Ralph Lawler, although not a national figure, was for several decades the voice of the Los Angeles Clippers of the NBA. His recent retirement evoked praise and love from Clipper fans and from many team members. In turn, Lawler reciprocates that love for the fans, the players and many others across the NBA. In 2019, Lawler was elected to the Naismith Memorial Basketball Hall of Fame.

In Bingo!: Forty Years in the NBA Lawler retraces his love affair with basketball that began in Peoria, Illinois as a young boy playing the game with friends, then in high school, and finally at Bradley University where an injury ended his playing days. That ultimately led him to his broadcasting career which began on campus radio at Bradley, as well as, in local commercial radio. His voice was honed and refined in speech classes, while taking an Introduction to Radio class, and by participating in campus theater.

After graduating from college, Lawler moved to Philadelphia where he worked in local media covering a wide range of sports, including the early days of professional basketball. At one point, Lawler worked at a station owned by Dick Clark and his father. The Clarks mentored Lawler and, subsequently, proved to be important contacts. From Philadelphia Lawler moved west to California.

Bingo! is not strictly chronological in its organization. There are any number of interruptions and diversions in the narrative. There are lists of favorite players and teams, most memorable celebrities, and non-basketball athletes, all with explanation of the choices. In his list of the Greatest Players of All-time, Lawler appropriately separates them by era, avoiding the pitfall of comparing apples and oranges.

Lawler comments on Drugs in the NBA, changes in working conditions for players, decries but understands “load management” and evaluates the NBA Players Association and its impact. He offers considerable praise and some criticism to Oscar Robertson, a HOF player and a force behind the success of the NBAPA. Most of these lists are set off from the text in boxes that interrupt the flow of the narrative over several pages. These are generally interesting, if not always substantive, although some might be dismissed as not rising above the level of gossip.

Among the more substantive of these evaluations include an analysis of the excellent and insightful contributions of Elgin Baylor to the NBA, as both player and general manager, and often overshadowed by Jerry West, whom Lawler greatly admires. Some may be surprised by Lawler’s criticism of the coaching legend Chuck Daley.

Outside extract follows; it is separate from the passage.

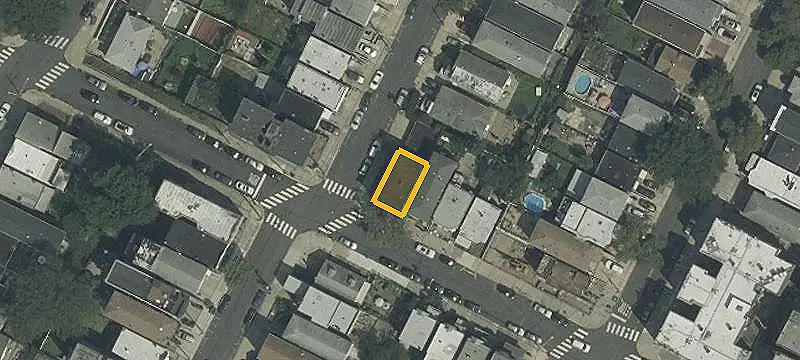 5-Unit Corner Apartment Building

Major criticism is primarily directed at Donald Sterling, owner of the Clippers for 30 years. Sterling’s broken moral compass and his remarkable mismanagement kept the Clippers on the low end of the NBA standings. Ultimately, Sterling’s racism and immoral behavior led to the NBA banning him from ownership and forcing him to sell the team. It was an extraordinary moment in NBA history, a reversal of the fortunes of the Clippers. NBA Commissioner Adam Silver is highly praised for his handling of this entire affair.

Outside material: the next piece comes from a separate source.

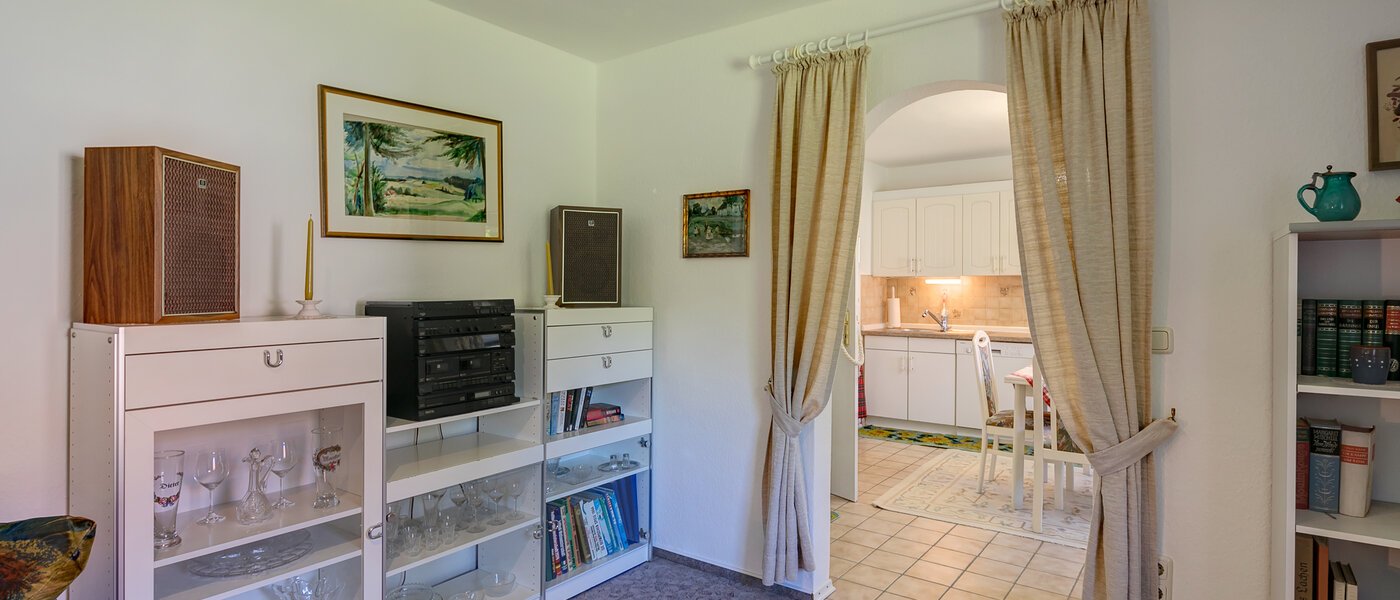 apartment München Moosach 04 living room 402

Lawler’s admiration for Chris Paul and Doc Rivers is effusive. He produces excellent profiles of the two men and takes them beyond their basketball resumes. In both cases, the human qualities of honesty and character stand out.

One of the most interesting and fully developed profiles, which runs throughout the book, is that of Bill Walton. Those who remember Walton only as a player, or a broadcaster, or off-best character may be surprised by Lawler’s description of Walton, who was Lawler’s broadcasting partner for 15 years. Walton emerges as a complex personality and a human being of exceptional kindness and thoughtfulness. These qualities are not obvious to outsiders, but Lawler offers case after case to illustrate the complexity and beauty of this man.

For those who were fans of Ralph Lawler the broadcaster, and for those who had never heard of Ralph Lawler, Bingo! reveals an interesting man living an interesting life. For those who are fans of the NBA or who love basketball, Bingo! is well-worth the effort. And for those who are fascinated by the vicissitudes of life, there is more than enough to keep you engaged with Bingo! and Ralph Lawler. To use Lawler’s famous tag line, “Oh me, oh my.”